◆ Exercise description
Copy out each line of the entries below in which the string "Charlotte" appears.

◆ Input data
━━━━━━

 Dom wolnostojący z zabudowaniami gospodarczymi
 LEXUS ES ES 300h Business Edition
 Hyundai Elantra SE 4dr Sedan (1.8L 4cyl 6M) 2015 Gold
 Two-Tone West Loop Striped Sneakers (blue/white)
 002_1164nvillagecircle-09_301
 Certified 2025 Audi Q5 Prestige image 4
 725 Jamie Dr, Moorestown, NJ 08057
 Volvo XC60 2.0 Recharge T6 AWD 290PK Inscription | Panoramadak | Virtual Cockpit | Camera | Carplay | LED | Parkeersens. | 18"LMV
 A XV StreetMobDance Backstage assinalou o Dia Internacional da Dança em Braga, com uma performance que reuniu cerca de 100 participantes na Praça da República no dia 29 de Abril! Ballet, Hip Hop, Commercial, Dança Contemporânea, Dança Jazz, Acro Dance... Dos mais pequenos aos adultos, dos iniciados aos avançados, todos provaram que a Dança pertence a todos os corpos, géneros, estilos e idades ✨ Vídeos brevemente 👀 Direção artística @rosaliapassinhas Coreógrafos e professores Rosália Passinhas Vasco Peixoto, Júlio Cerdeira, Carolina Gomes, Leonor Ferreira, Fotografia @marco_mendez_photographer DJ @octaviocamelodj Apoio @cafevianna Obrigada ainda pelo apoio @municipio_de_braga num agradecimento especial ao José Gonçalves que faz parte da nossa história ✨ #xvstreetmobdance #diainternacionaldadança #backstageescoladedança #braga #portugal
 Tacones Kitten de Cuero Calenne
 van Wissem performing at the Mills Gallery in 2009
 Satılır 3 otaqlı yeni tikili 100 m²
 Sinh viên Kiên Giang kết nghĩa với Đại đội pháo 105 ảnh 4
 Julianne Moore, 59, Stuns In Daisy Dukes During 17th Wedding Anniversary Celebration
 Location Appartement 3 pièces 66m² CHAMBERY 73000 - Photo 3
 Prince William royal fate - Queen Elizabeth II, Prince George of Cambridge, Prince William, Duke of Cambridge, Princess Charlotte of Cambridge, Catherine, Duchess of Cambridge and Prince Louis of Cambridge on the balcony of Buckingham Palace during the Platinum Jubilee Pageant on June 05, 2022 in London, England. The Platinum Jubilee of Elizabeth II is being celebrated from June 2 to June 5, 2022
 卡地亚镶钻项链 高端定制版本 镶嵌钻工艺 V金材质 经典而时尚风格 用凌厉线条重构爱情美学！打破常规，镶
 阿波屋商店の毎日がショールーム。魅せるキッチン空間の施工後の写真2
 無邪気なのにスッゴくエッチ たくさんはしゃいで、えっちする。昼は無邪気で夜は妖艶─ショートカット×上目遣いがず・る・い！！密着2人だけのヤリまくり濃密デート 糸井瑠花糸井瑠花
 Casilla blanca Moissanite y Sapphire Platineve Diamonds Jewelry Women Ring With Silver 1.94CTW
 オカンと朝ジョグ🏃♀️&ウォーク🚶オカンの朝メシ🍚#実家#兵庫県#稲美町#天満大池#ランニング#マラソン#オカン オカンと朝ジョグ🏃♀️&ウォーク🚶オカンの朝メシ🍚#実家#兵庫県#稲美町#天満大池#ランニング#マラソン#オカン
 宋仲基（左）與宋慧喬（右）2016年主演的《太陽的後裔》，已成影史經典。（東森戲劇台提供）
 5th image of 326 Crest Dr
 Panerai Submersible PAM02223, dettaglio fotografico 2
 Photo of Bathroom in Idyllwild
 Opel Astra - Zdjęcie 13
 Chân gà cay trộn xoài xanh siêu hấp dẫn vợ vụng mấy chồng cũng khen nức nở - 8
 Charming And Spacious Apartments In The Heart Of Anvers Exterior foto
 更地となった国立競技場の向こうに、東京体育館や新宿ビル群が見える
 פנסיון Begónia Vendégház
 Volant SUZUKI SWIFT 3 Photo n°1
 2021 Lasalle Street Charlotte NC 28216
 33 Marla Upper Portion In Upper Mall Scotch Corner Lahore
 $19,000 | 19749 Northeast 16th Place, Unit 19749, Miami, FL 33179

━━━━━━

◆ Task answer
 Prince William royal fate - Queen Elizabeth II, Prince George of Cambridge, Prince William, Duke of Cambridge, Princess Charlotte of Cambridge, Catherine, Duchess of Cambridge and Prince Louis of Cambridge on the balcony of Buckingham Palace during the Platinum Jubilee Pageant on June 05, 2022 in London, England. The Platinum Jubilee of Elizabeth II is being celebrated from June 2 to June 5, 2022
 2021 Lasalle Street Charlotte NC 28216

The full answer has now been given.